C. The Consolidation of the Appeals
{¶ 24} The parties in the two underlying cases sought consolidation on appeal given the similarity of facts, issues, and counsel. By magistrate order, we granted the request to consolidate; thereby consolidating case numbers 15CA14 and 15CA29 for purposes of oral argument and decision.
II. Assignments of Error
{¶ 25} In Case No. 15CA14, appellants raise three assignments of error for our review.
First Assignment of Error:
THE TRIAL COURT ERRED IN GRANTING PLAINTIFFS' AND THIRD PARTY DEFENDANT'S
MOTION FOR SUMMARY JUDGMENT.
Second Assignment of Error:
THE TRIAL COURT ERRED IN DENYING DEFENDANTS' FIRST MOTION FOR PARTIAL SUMMARY JUDGMENT.
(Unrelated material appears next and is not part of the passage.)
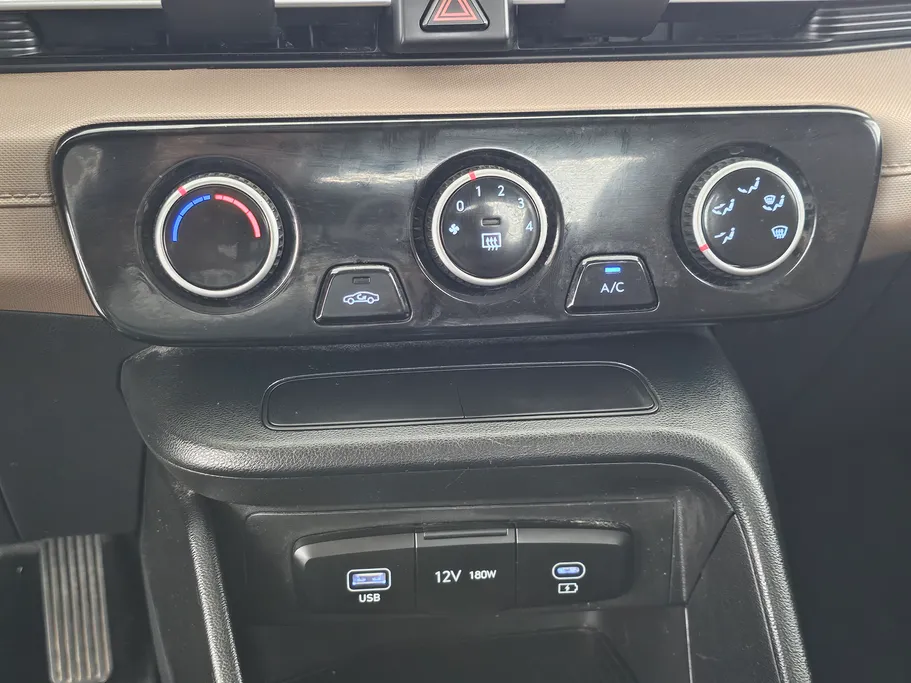 2024 Hyundai Accent Fleet 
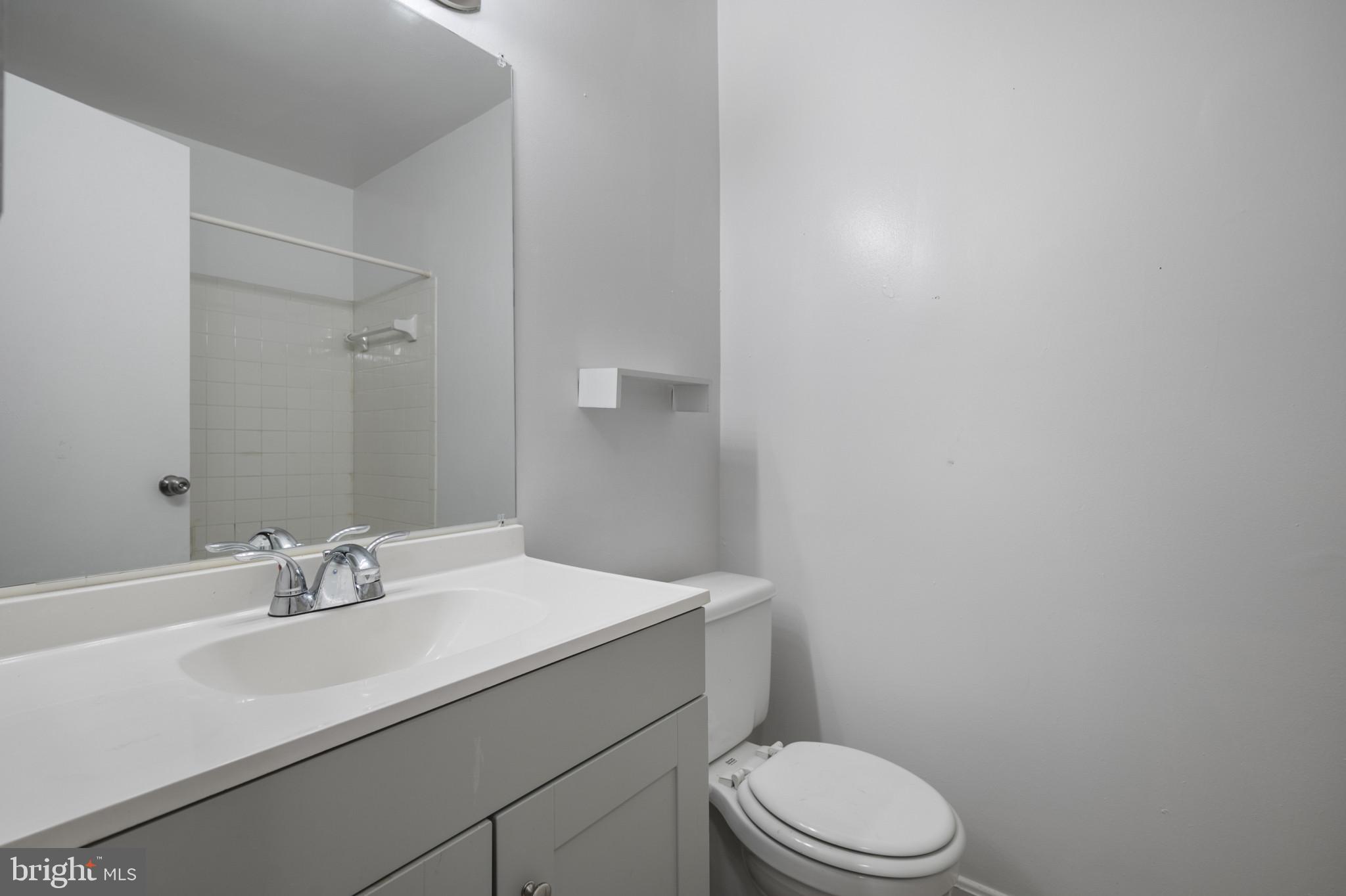 GLENSFORD CONDO - Residential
Third Assignment of Error:
THE TRIAL COURT ERRED IN DENYING DEFENDANTS' THIRD MOTION FOR PARTIAL SUMMARY JUDGMENT.
{¶ 26} As for Case No. 15CA29, appellants raise three nearly identical assignments of error for our review.
First Assignment of Error:
THE TRIAL COURT ERRED IN GRANTING PLAINTIFFS' MOTION FOR SUMMARY JUDGMENT.
Second Assignment of Error:
THE TRIAL COURT ERRED IN DENYING DEFENDANTS' FIRST MOTION FOR PARTIAL SUMMARY JUDGMENT.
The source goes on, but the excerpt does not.